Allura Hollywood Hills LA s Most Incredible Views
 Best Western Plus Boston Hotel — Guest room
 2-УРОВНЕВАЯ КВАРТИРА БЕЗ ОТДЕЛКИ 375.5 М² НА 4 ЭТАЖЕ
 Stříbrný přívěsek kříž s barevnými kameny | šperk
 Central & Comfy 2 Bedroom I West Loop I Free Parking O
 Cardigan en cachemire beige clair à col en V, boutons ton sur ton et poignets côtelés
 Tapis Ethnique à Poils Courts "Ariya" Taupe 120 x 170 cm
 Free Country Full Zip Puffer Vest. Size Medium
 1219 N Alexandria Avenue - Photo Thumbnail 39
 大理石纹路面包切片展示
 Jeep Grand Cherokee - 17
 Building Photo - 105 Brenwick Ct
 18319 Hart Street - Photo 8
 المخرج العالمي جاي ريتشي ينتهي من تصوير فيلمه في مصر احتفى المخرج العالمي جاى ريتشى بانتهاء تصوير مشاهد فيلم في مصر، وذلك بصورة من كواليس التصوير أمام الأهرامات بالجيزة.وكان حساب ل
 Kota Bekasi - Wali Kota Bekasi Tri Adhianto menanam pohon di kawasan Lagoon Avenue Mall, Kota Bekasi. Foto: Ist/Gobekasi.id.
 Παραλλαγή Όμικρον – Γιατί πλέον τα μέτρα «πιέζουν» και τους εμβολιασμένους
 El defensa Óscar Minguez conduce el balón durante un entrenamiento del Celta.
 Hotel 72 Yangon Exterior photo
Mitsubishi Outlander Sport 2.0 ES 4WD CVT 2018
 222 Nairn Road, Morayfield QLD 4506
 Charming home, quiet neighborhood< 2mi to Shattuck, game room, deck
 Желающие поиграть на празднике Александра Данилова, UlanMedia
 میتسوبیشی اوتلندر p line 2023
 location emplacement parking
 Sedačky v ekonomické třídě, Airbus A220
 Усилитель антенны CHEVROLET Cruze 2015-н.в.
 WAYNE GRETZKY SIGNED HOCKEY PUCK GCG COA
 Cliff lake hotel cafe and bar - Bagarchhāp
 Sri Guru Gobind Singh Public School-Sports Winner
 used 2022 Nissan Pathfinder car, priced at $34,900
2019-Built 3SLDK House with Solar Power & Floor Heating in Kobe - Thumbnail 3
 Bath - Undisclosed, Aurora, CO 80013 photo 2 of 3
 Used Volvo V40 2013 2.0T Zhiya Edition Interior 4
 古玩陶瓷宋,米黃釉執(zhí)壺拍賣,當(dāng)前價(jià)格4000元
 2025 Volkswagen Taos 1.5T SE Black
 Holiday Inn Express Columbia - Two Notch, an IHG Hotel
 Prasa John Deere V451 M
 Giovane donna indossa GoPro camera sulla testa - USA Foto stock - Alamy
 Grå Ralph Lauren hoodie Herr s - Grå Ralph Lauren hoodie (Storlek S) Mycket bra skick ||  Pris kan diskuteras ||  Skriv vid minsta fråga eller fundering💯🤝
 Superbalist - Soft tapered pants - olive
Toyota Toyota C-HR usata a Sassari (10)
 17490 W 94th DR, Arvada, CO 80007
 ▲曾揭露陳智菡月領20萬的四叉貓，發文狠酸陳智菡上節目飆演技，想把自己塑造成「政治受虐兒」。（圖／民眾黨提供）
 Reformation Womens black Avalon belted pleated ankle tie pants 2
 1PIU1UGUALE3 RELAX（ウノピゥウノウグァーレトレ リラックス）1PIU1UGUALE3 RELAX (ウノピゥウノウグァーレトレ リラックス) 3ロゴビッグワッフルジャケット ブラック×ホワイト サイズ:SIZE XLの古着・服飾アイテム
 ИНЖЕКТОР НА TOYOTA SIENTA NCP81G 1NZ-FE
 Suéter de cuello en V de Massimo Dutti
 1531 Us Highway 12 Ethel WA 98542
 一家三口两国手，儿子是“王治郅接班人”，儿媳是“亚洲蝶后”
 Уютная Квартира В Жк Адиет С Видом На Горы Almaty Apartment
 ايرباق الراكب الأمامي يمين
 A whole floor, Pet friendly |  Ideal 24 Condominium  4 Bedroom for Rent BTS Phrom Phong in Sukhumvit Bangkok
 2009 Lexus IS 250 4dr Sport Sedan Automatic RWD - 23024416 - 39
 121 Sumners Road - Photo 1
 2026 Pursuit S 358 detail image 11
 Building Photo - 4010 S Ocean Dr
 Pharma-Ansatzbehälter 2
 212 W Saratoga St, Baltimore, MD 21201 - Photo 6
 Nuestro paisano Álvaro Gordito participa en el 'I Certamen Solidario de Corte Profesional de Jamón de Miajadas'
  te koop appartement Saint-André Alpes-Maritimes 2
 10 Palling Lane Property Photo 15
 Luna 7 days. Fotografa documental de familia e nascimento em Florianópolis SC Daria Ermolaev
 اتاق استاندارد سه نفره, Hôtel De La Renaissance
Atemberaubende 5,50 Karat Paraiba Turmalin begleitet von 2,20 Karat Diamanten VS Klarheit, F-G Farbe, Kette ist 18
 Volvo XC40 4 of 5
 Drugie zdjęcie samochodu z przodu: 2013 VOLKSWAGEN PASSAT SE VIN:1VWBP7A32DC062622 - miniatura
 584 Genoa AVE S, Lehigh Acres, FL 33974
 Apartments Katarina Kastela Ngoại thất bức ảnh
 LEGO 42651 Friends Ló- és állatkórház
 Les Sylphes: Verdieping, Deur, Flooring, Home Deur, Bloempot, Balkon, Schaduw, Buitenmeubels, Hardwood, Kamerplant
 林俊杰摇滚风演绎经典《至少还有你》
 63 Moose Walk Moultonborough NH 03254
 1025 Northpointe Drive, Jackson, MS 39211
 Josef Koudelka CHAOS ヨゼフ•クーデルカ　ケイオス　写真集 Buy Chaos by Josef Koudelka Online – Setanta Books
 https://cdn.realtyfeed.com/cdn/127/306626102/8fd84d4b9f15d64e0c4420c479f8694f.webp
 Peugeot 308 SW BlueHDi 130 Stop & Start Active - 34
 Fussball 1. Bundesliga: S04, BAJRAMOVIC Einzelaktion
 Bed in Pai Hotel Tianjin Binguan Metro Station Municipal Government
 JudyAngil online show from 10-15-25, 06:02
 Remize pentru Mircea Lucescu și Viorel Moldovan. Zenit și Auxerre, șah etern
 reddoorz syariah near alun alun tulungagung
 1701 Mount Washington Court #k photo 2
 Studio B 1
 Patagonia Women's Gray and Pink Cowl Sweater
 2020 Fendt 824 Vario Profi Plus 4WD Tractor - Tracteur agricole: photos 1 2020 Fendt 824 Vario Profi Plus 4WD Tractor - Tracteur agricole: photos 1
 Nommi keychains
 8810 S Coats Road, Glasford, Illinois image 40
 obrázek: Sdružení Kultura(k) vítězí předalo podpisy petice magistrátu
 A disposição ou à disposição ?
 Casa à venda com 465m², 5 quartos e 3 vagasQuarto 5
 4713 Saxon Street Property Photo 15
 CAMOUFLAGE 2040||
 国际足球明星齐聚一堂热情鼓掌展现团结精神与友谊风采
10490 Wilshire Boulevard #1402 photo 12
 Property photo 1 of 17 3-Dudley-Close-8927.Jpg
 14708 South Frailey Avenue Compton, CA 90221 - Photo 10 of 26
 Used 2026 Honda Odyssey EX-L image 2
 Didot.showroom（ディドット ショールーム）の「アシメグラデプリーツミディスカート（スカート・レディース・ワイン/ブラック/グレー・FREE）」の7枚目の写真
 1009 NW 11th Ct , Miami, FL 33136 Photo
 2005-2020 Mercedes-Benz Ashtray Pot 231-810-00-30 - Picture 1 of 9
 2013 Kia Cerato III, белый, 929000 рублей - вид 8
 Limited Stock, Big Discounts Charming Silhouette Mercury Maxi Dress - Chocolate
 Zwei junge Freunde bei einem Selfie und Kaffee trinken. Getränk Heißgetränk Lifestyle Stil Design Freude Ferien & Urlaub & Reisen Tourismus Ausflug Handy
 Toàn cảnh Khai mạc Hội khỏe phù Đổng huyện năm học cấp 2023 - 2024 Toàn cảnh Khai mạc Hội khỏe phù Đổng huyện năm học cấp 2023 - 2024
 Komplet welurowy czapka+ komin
· · ·
→ **WHAT TO WORK ON**: From the material above, retype precisely the lines between the line holding "Prasa John Deere V451 M" and the line holding "Reformation Womens black", inclusive, and nothing beyond them.

→ **TASK SOLUTION**:
 Prasa John Deere V451 M
 Giovane donna indossa GoPro camera sulla testa - USA Foto stock - Alamy
 Grå Ralph Lauren hoodie Herr s - Grå Ralph Lauren hoodie (Storlek S) Mycket bra skick ||  Pris kan diskuteras ||  Skriv vid minsta fråga eller fundering💯🤝
 Superbalist - Soft tapered pants - olive
Toyota Toyota C-HR usata a Sassari (10)
 17490 W 94th DR, Arvada, CO 80007
 ▲曾揭露陳智菡月領20萬的四叉貓，發文狠酸陳智菡上節目飆演技，想把自己塑造成「政治受虐兒」。（圖／民眾黨提供）
 Reformation Womens black Avalon belted pleated ankle tie pants 2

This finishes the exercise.